Agents Don't Do Standups: Building the Post-Engineer Engineering Org — Mike Spitz, PFF
By AI Engineer
Key Concepts
- Agentic Engineering: Utilizing AI agents to automate the software development lifecycle (SDLC) rather than just using AI as a coding assistant.
- Lightweight Design Document (LDD): A concise, AI-generated technical specification that ensures code consistency and architectural alignment.
- Trunk-Based Development: A version control management practice where developers merge small, frequent updates to a core "trunk" or main branch.
- Composable Skills: Breaking down engineering tasks into modular, repeatable units (e.g., feature flag creation, API generation) that AI agents can execute.
- Self-Healing Pipelines: An automated QA process where agents identify failures in acceptance criteria and automatically generate PRs to fix them.
1. Case Study Overview: PFF Engineering Transformation
PFF, a sports data company, transitioned its engineering workflow between January and March to address competitive stagnation. Despite having 20 engineers, the team was falling behind. By integrating AI agents into their workflow, they achieved:
- Deployment Frequency: Increased to 5 deploys per day (compared to 1 every 5 days for the larger team).
- Output Efficiency: A 10x increase in output, measured by blending ticket volume with code complexity.
- Project Velocity: Features that previously required four months were completed in under two months.
- Customer Satisfaction: Average quality scores rose from 7.5/10 to 8.6/10.

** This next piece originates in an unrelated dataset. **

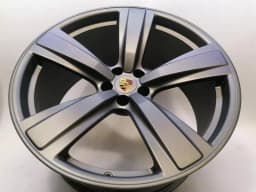 PORSCHE 21 EXCLUSIVE DESIGN PORSCHE MACAN 95B Alloy Wheel 95B601025GM Alloy Wheel GREY 10J — thumbnail 7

2. Methodology: The "Factory" Framework
The speaker advocates viewing the SDLC as a factory floor, breaking down complex tasks into small, composable elements.
- The Workflow:
- Spec & Interview: The agent interviews the engineer to define the requirement.
- LDD Generation: The agent creates an LDD based on historical architectural patterns.
- Distribution: The LDD is shared for peer feedback.
- Automation: Tickets and PRs are automatically generated based on the LDD.
- QA: Upon merging to staging, a QA agent validates the code against the original acceptance criteria.
3. Process Changes and "De-Scrumming"
The team eliminated traditional Agile ceremonies that were deemed redundant in an agent-driven environment:
- No Sprint Planning: Estimations are unnecessary when agents handle the bulk of the execution.
- No Daily Standups: Status updates are automated; tickets update automatically based on PR status (In Progress -> Review -> Merged).
- Huddles: Replaced formal meetings with 30–60 minute "huddles" every other day for rapid feedback and alignment.
- Retrospectives: Replaced by direct customer satisfaction surveys and hard development metrics (deployment frequency).
4. Strategic Implementation Advice
- Start with "Boring" Tasks: Focus on repetitive, low-risk tasks that engineers dislike (e.g., style linting, variable naming, boilerplate code).
- Select the Right Talent: Start with the most senior engineers who possess deep system knowledge. The ideal "AI-era" engineer is curious and capable of managing high-level architecture rather than just writing code.
- Phased Approach: Avoid the "hackathon" trap of giving everyone access at once. Start with non-critical systems to build trust in the agents.
- Guardrails: Ensure security and architectural patterns are encoded into the agents' "skills" before scaling.
5. Key Arguments and Perspectives
- Engineers are no longer the bottleneck: The bottleneck has shifted to the speed of product definition and the ability to maintain a consistent "brand feel."
- The "Sports Car" Analogy: Not every engineer will thrive in this new environment. Those who rely on highly prescriptive, manual specs may struggle, while curious engineers who understand the "why" behind the code will excel.
- Compounding Advantage: The speaker warns that being "a few months behind" in adopting these workflows can quickly spiral into being a year behind due to the compounding nature of AI-driven development speed.
6. Notable Quotes
- "Instead of figuring out how we can help engineers go and output more, how do we help make the agents quicker?"
- "Not everyone can drive a sports car. And that’s all right."
- "What is the purpose of this meeting? Is it just because everyone else has been doing it before, or is it because it actually helps out?"
Synthesis
The PFF case study demonstrates that the future of engineering lies in Agentic SDLCs. By treating the development process as a modular factory, companies can move away from heavy, process-laden methodologies like Scrum toward a high-velocity, autonomous model. The primary takeaway is that success depends on encoding organizational patterns into AI skills and focusing human effort on high-level design, product feel, and customer satisfaction rather than manual coding and administrative overhead.